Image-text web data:
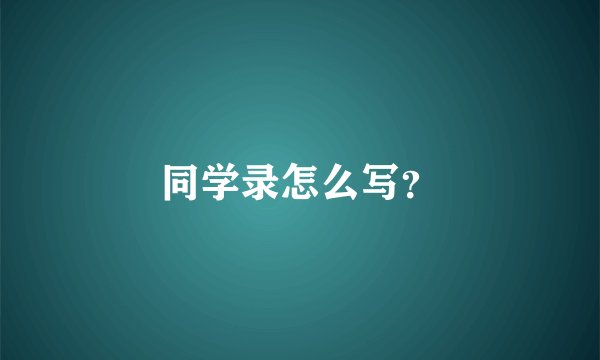 同学录怎么写?
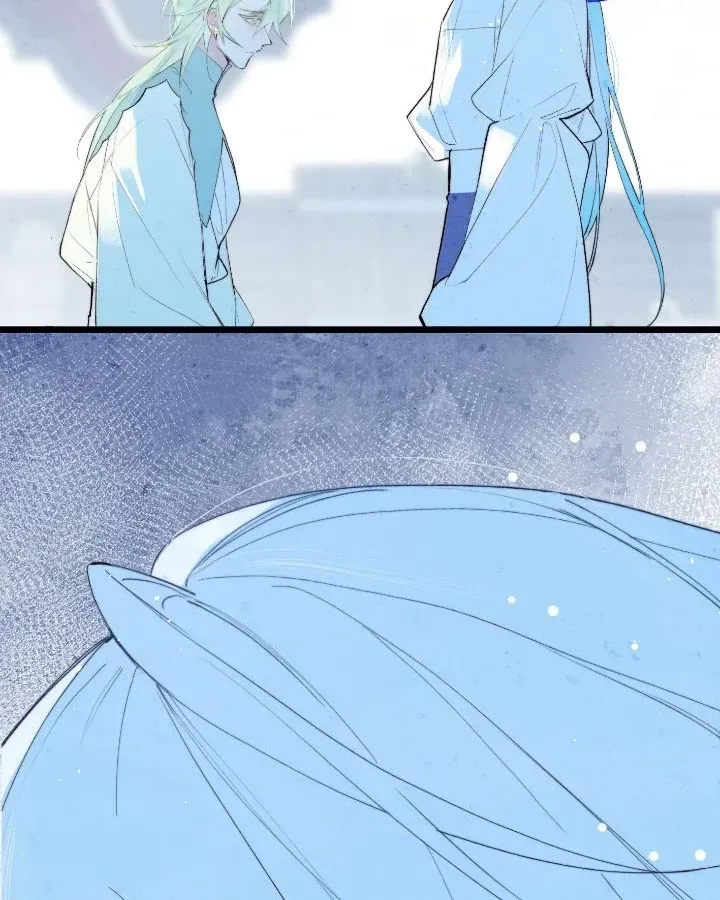 Read A Desolate Swan Lake chapter 11 image 43 on Lezhin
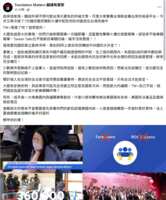 https://images.plurk.com/2L1avFlxrnf7Wp2wNXNroQ.png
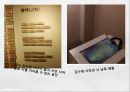 김수영 [김수영 생애, 김수영 작품관, 김수영 발자취, 김수영 감상] 22페이지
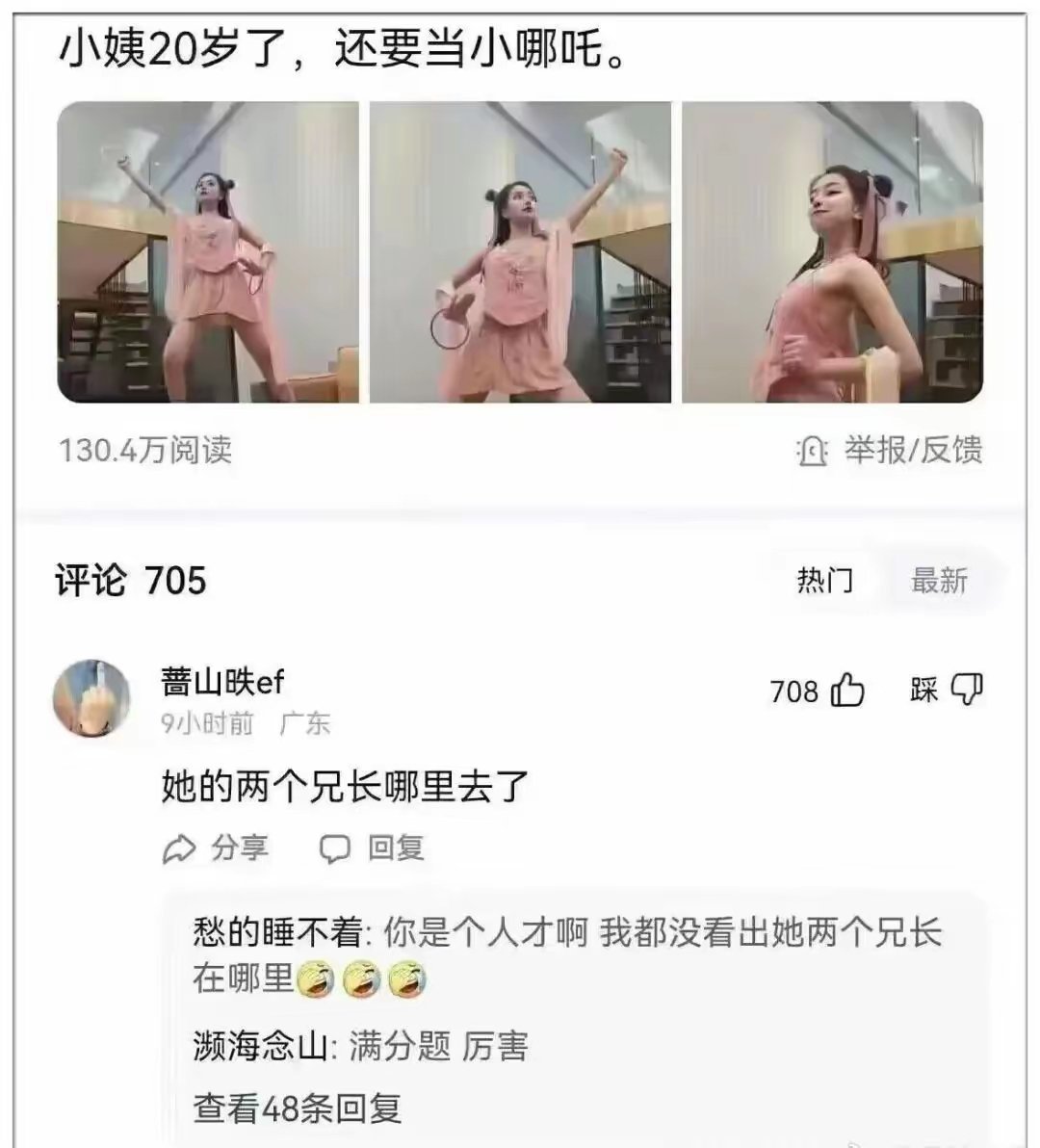 还的是中文呀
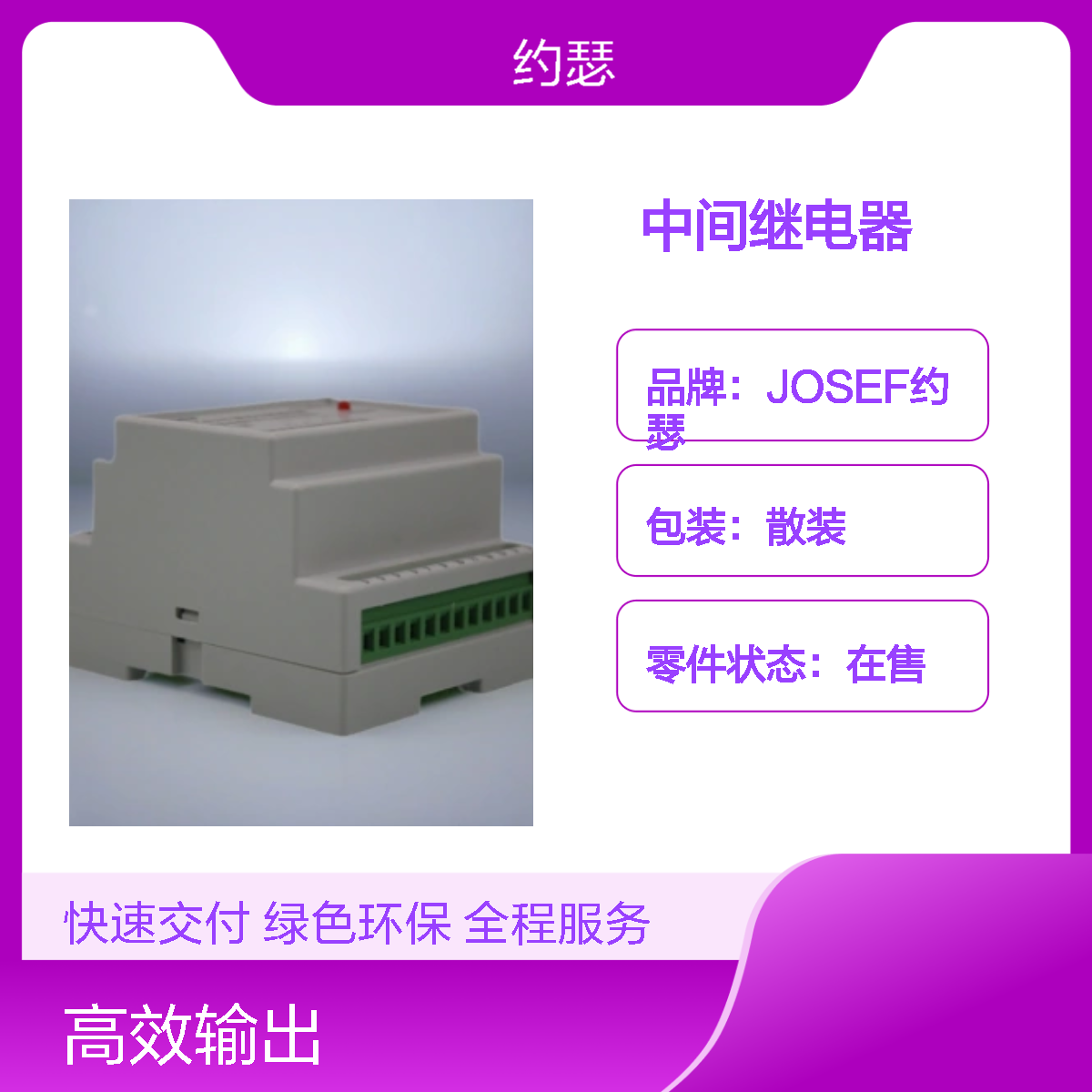 JOSEF约瑟 HJDZ-E620中间继电器 AC220V 板后安装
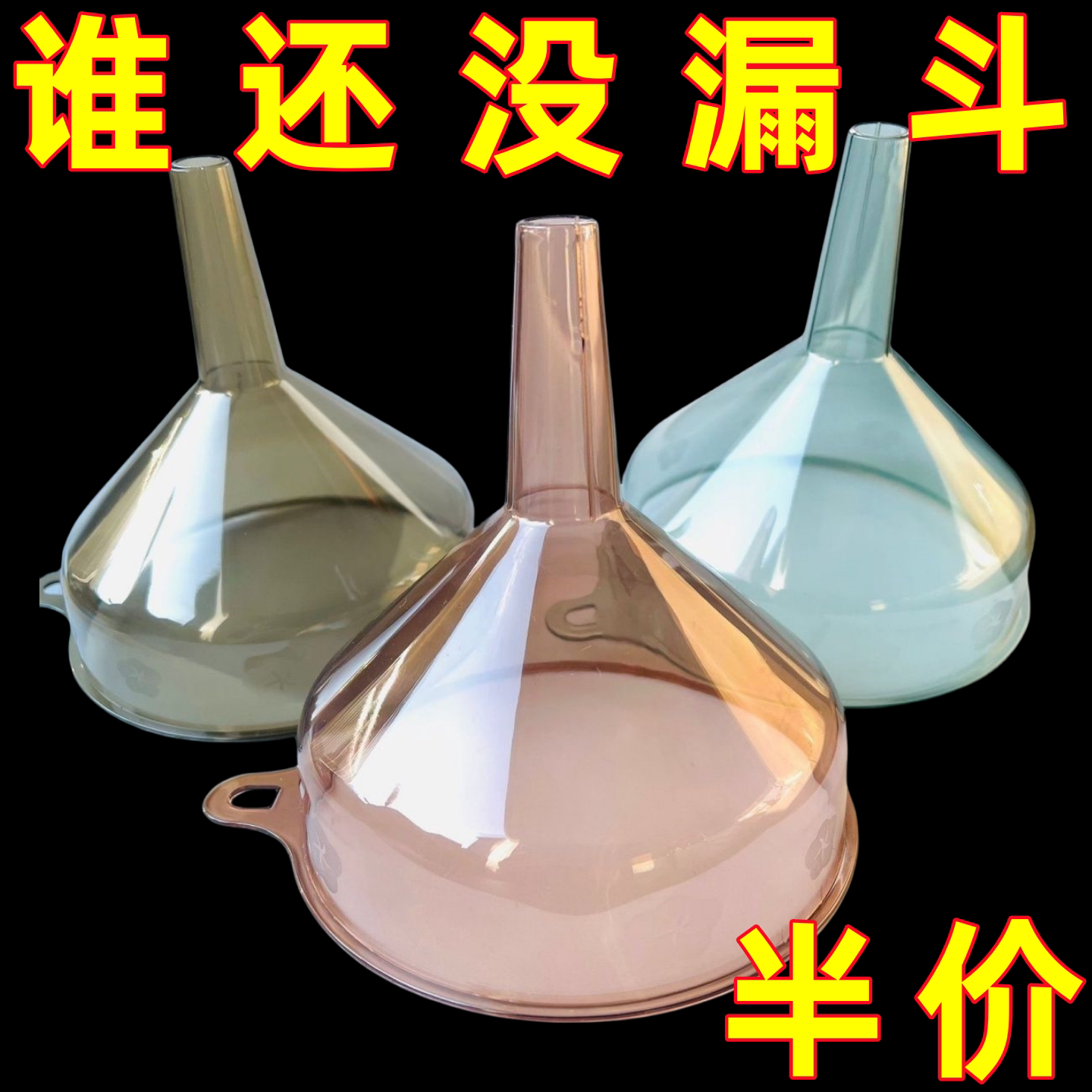 塑料大号宽口漏斗大口径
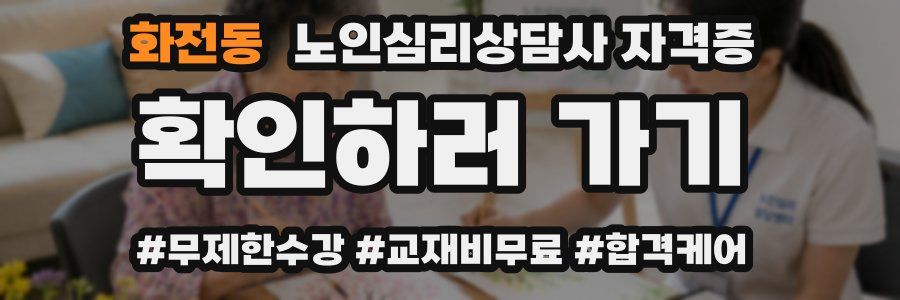 화전동 노인 심리 상담사 자격증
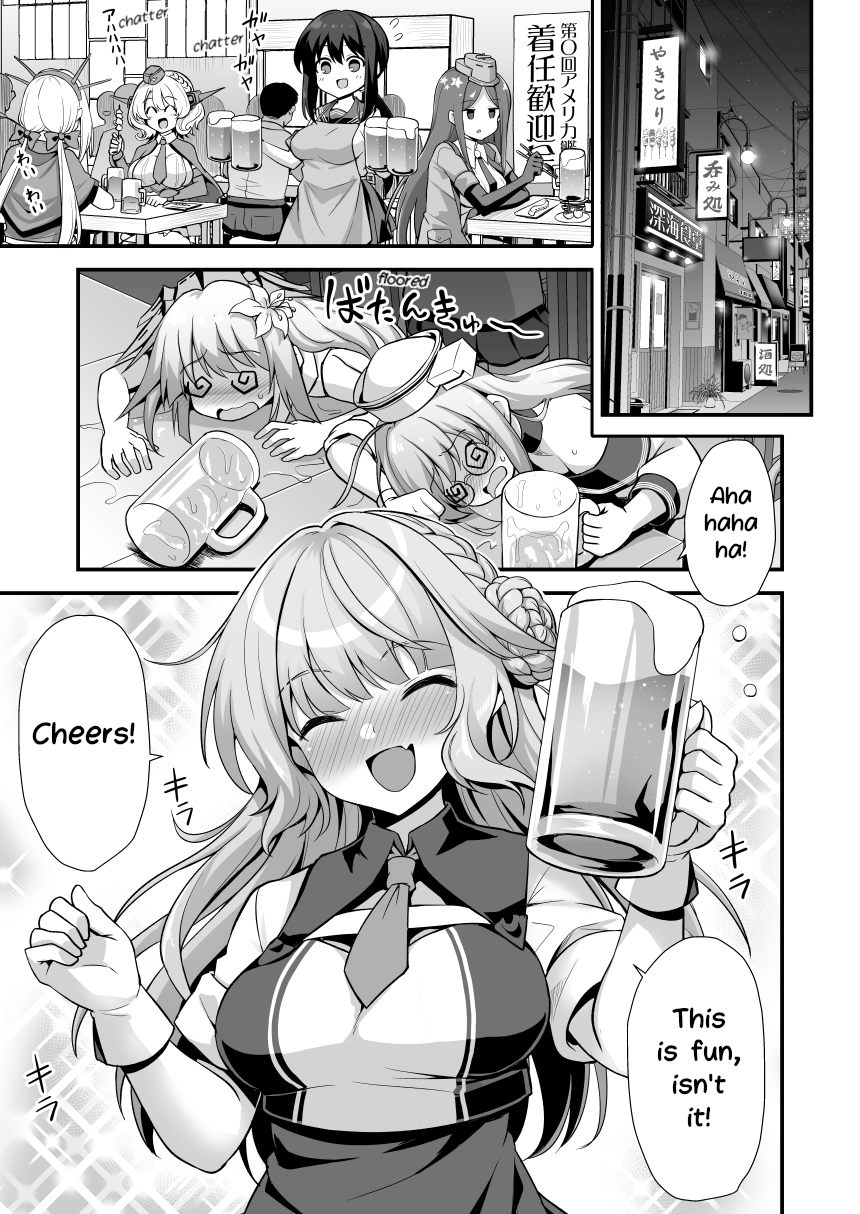 [Akutensoushin (Kokutou Nikke)] Ranger-chan to Yoidore Lightning Marriage | Lightning Marriage with Ranger-chan (Kantai Collection -KanColle-) [English] [LoeQuality Translations] - Page 3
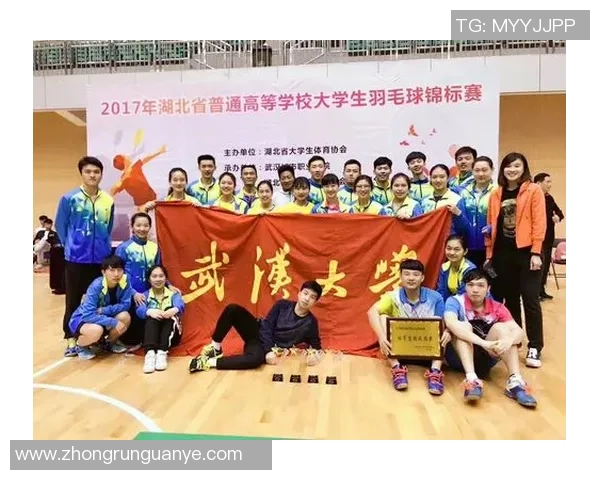 武汉羽毛球队拼搏历程揭秘努力与荣耀交织的奋斗故事 武汉羽毛球队拼搏历程揭秘努力与荣耀交织的奋斗故事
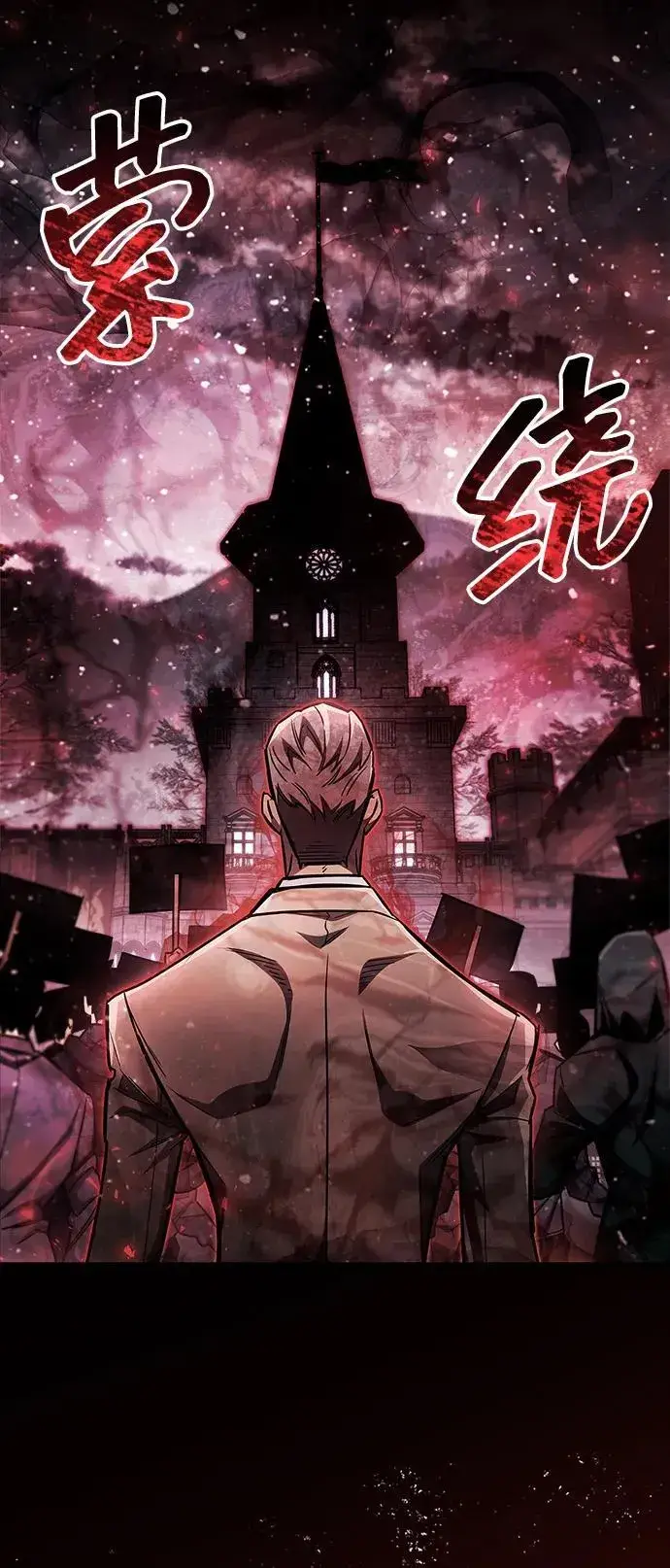 《隐瞒黑历史的玩家》第59话图62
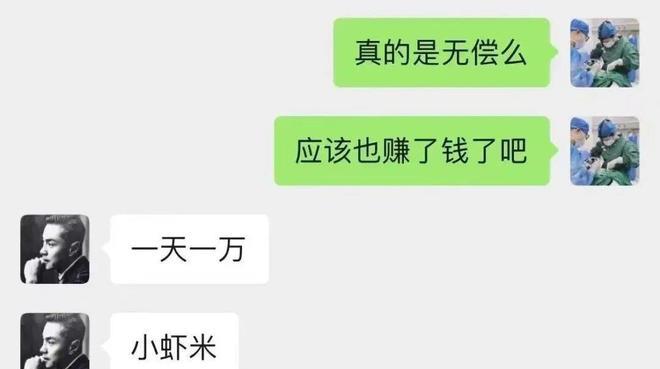 志愿者对待老弱病残孕应该怎样,老人小孩孕妇为什么能优先获救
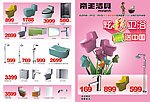 帝王洁具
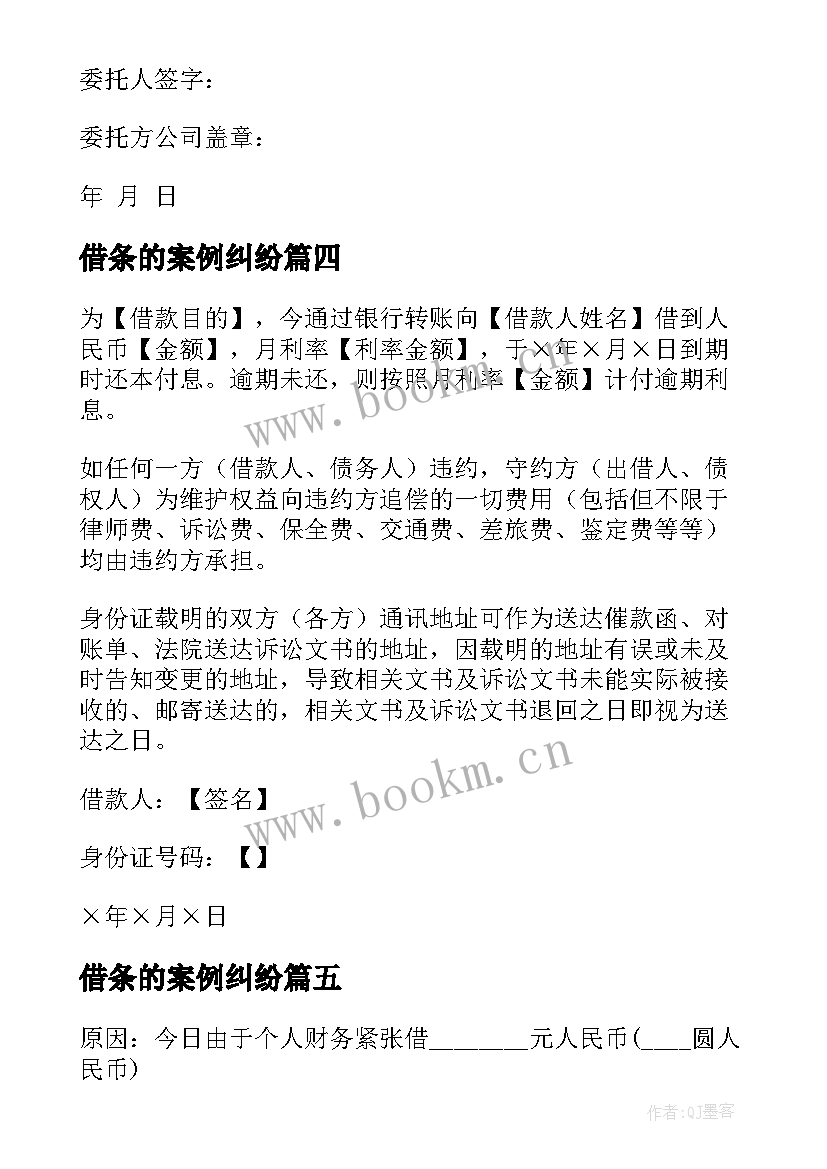 借条的案例纠纷 真假借条心得体会(优质8篇)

Exercise description
Exactly the lines from the line that contains "武汉羽毛球队拼搏历程揭秘努力与荣耀交织的奋斗故事 武汉羽" through the last line above, and no other lines, must be output, with pictures excluded.

Solution below
 武汉羽毛球队拼搏历程揭秘努力与荣耀交织的奋斗故事 武汉羽毛球队拼搏历程揭秘努力与荣耀交织的奋斗故事
 《隐瞒黑历史的玩家》第59话图62
 志愿者对待老弱病残孕应该怎样,老人小孩孕妇为什么能优先获救
 帝王洁具
 借条的案例纠纷 真假借条心得体会(优质8篇)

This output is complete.